__WORK ORDER__. Could you copy every record exactly, leaving the pictures behind?

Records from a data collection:
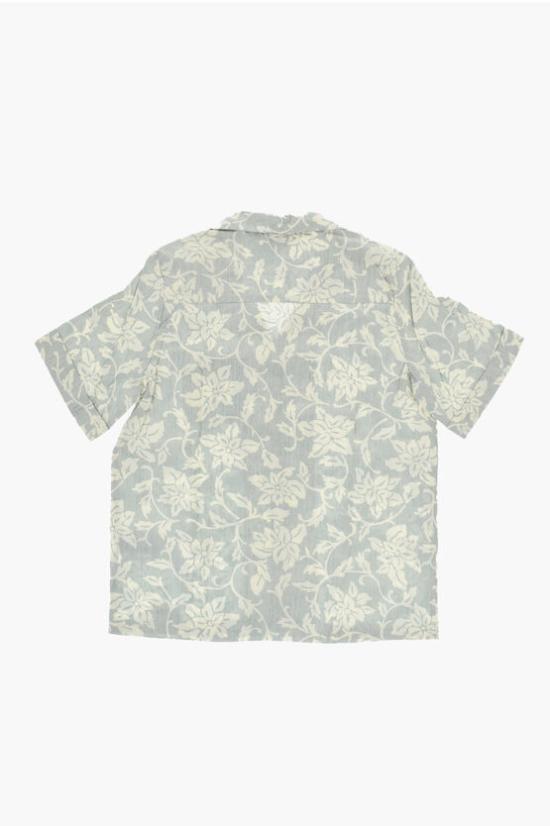  [키즈] 봉쁘앙 쇼츠/버뮤다 S04BSHW00012 BCO 543C Gray - BONPOINT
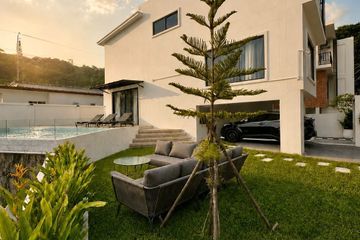 4 Bedroom Villa for Sale or Rent in Patong, Phuket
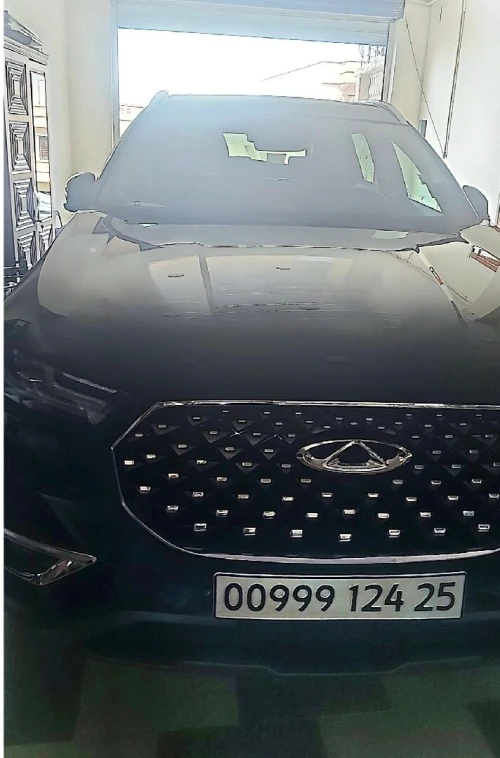 Chery Tiggo 8 pro  2024 8 PRO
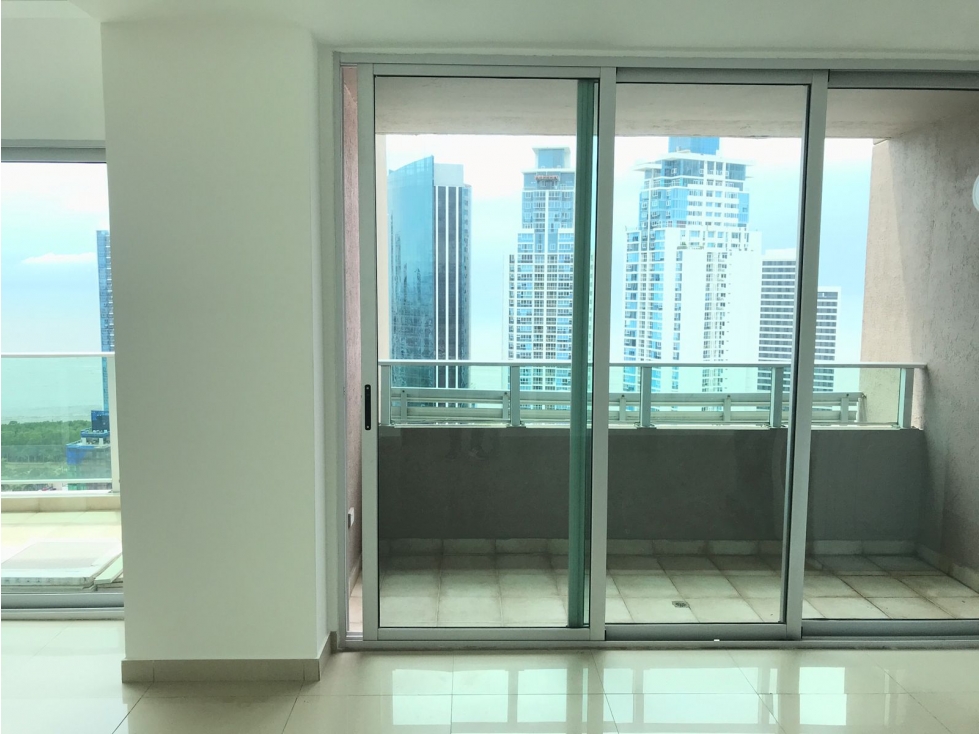 FS2518 ALQUILER EXTAORDINARIO APARTAMENTO TIPO LOFT EN COSTA DEL ESTE - 6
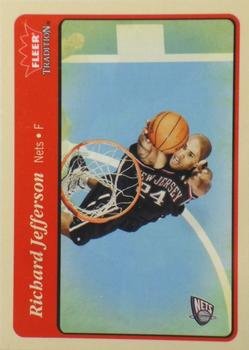 Richard Jefferson
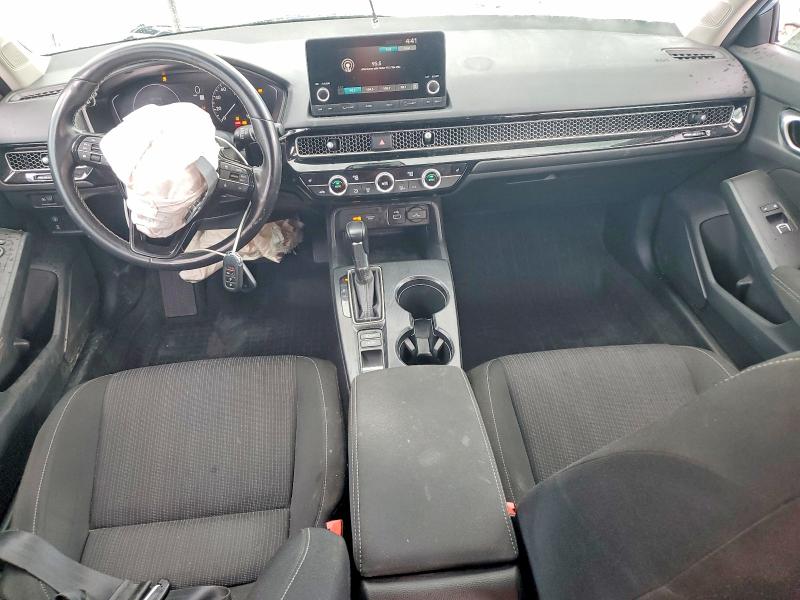 Aukcja sprzedaży 2023 Honda Civic, vin: 2HGFE1F70PH310212, numer aukcji: 51368656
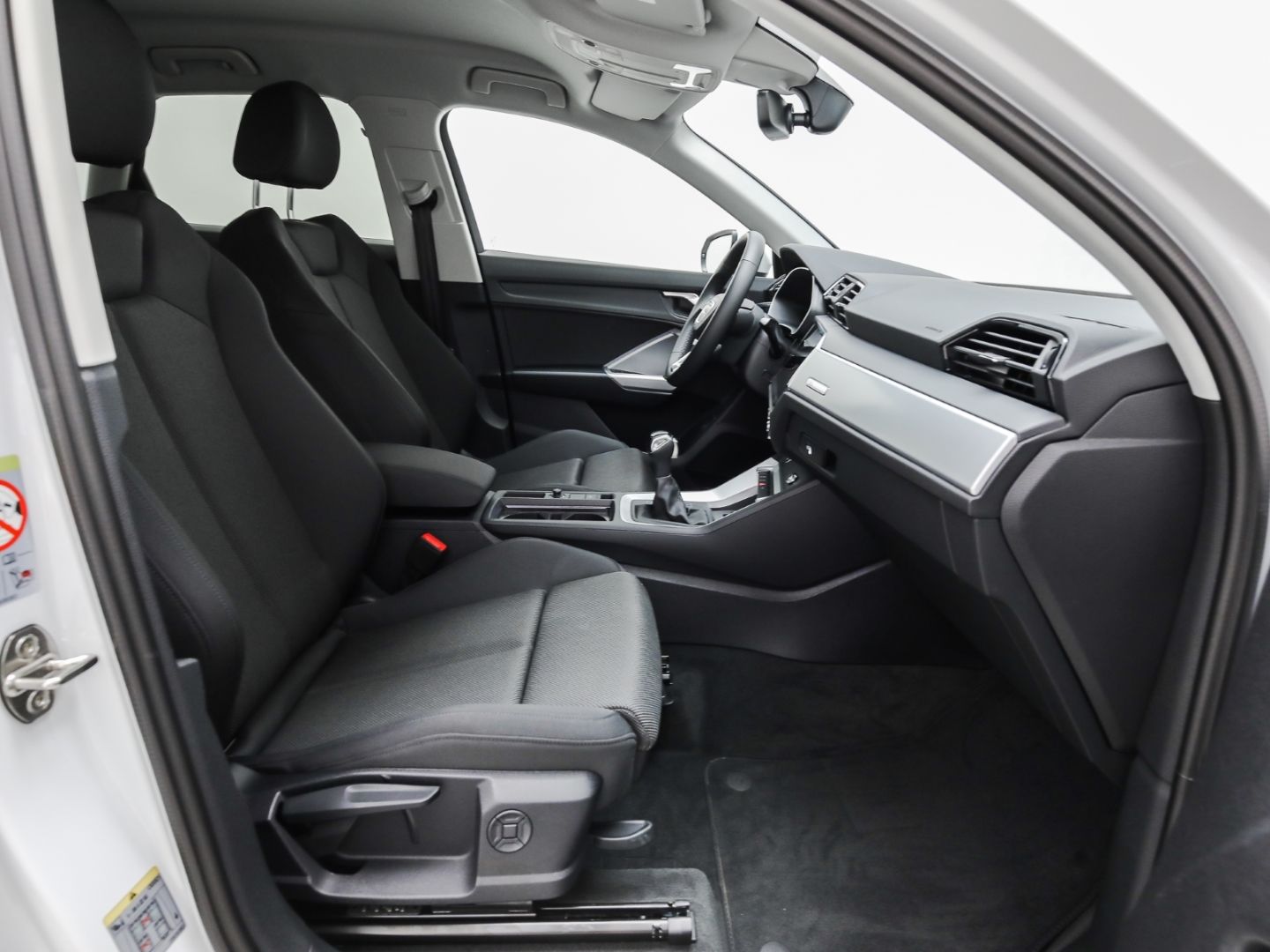 Audi Q3 - Bild 16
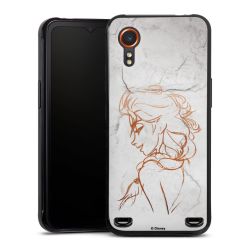 New Carry Case Hülle Schwarz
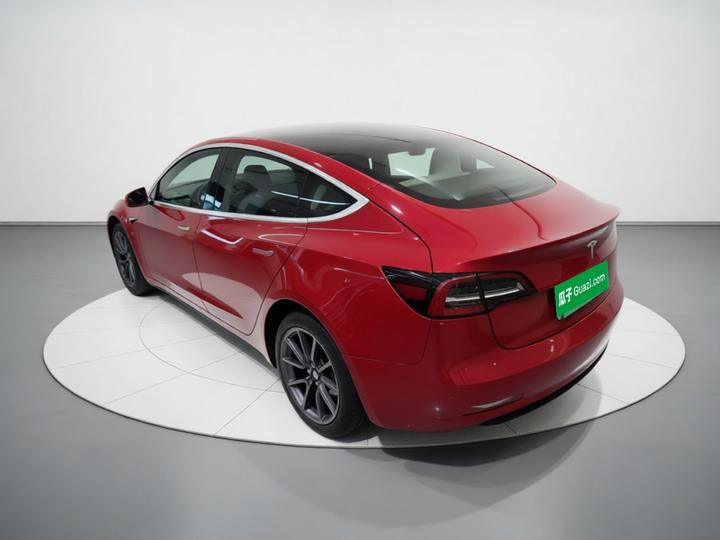 Model 3 Imported 2019 Long Range RWD photo 4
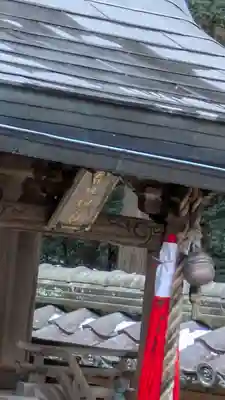 須賀神社(滋賀県)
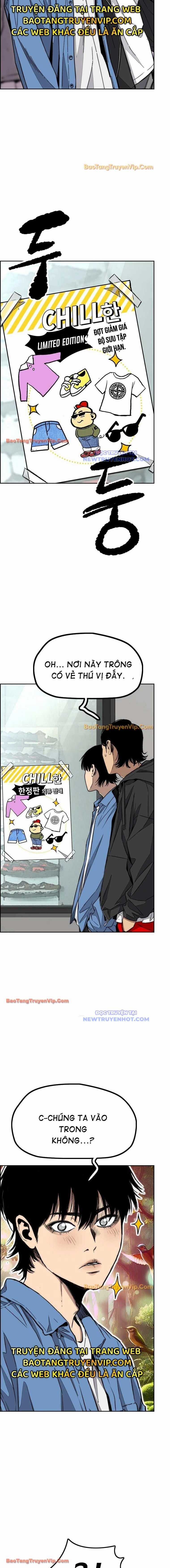 Thể Thao Cực Hạn - Chapter 543 - Trang 139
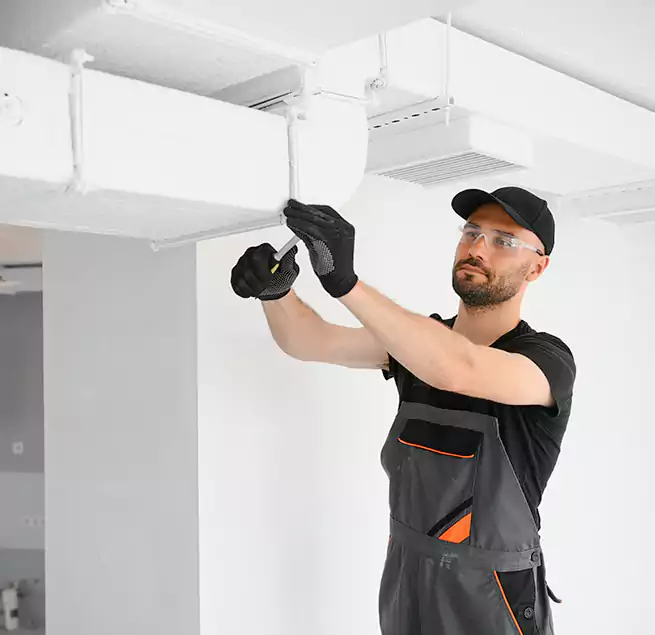 Why Homeowners & Businesses Trust Us in West Falls Church, VA?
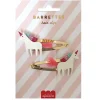 Barrettes cheveux - Licornes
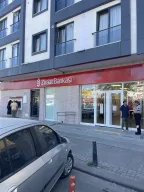 Ziraat Bankası Küçüksu Caddesi Şubesi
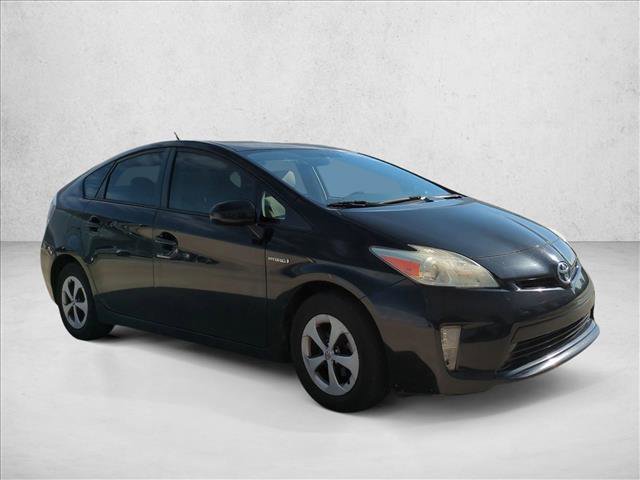 Used 2015 Toyota Prius Two FWD image 3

__ANSWER TO THIS PROBLEM__.
  [키즈] 봉쁘앙 쇼츠/버뮤다 S04BSHW00012 BCO 543C Gray - BONPOINT
 4 Bedroom Villa for Sale or Rent in Patong, Phuket
 Chery Tiggo 8 pro  2024 8 PRO
 FS2518 ALQUILER EXTAORDINARIO APARTAMENTO TIPO LOFT EN COSTA DEL ESTE - 6
 Richard Jefferson
 Aukcja sprzedaży 2023 Honda Civic, vin: 2HGFE1F70PH310212, numer aukcji: 51368656
 Audi Q3 - Bild 16
 New Carry Case Hülle Schwarz
 Model 3 Imported 2019 Long Range RWD photo 4
 須賀神社(滋賀県)
 Thể Thao Cực Hạn - Chapter 543 - Trang 139
 Why Homeowners & Businesses Trust Us in West Falls Church, VA?
 Barrettes cheveux - Licornes
 Ziraat Bankası Küçüksu Caddesi Şubesi
 Used 2015 Toyota Prius Two FWD image 3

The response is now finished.